The Indeco IMH5 forestry mulcher attachment turns an excavator into a land clearing machine — brush, saplings, and small trees go in one end and ground mulch stays on the site, which eliminates the haul, the burn pile, and the separate chipper rental that traditional clearing methods require. NorthPoint Equipment Rentals carries the IMH5 across all five New Hampshire locations, and it pairs directly with excavators already in our fleet, so contractors working the Lakes Region, North Country, and everywhere in between can add it to an existing rental rather than sourcing an attachment separately.
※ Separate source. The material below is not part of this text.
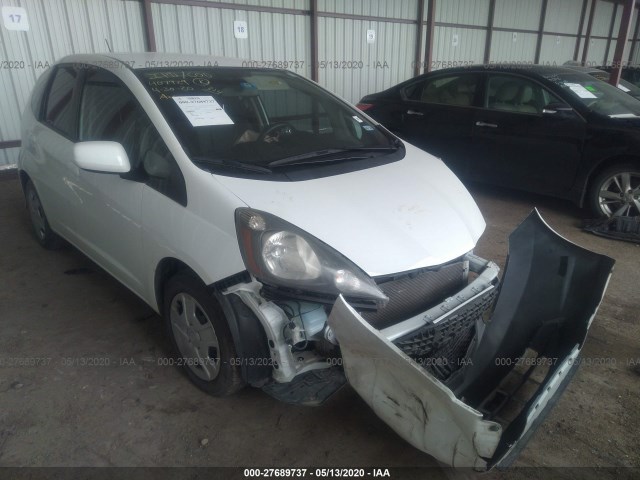 HONDA FIT 2013 jhmge8h34dc071492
On-Site Mulching The IMH5 processes cleared material — brush, saplings, small hardwood stems — into mulch that stays on the ground where it was cut, eliminating the debris removal phase entirely. No haul trucks, no burn permits, no chipper staged separately — what takes three steps with conventional clearing methods happens in one pass with the IMH5.
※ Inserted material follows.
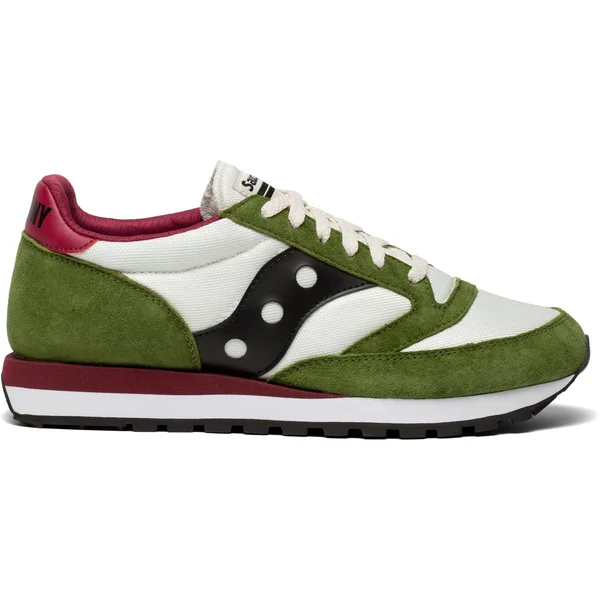 Saucony Jazz &81 Tan, Pesto, 5.5, M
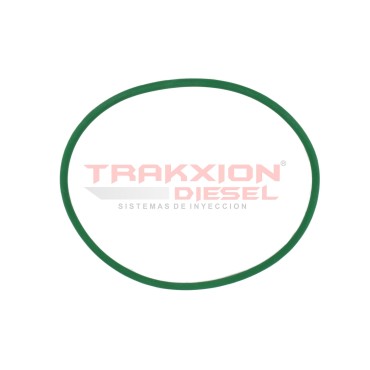 Anillo toroidal de brida de bomba Diesel Bosch, 1410210047 2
Excavator-Mounted Reach Mounted on an excavator boom and arm, the IMH5 gets the cutting head exactly where it needs to be — into dense brush, across a slope face, along a fence line, or up into low canopy — without the operator leaving the cab or the machine repositioning constantly. The excavator's reach and rotation geometry turns the mulcher into a precise tool rather than a machine that clears everything in a fixed path regardless of what's around it.
Indeco Rotor Engineering Indeco built the IMH5 around a fixed-tooth rotor designed for consistent mulching performance across mixed material — green brush, dry woody debris, and small-diameter stems — without the tooth wear and rotor imbalance issues that come up on lower-grade mulcher attachments running the same material. Consistent rotor performance across material types is what keeps the attachment productive through a full day of clearing rather than slowing as conditions change.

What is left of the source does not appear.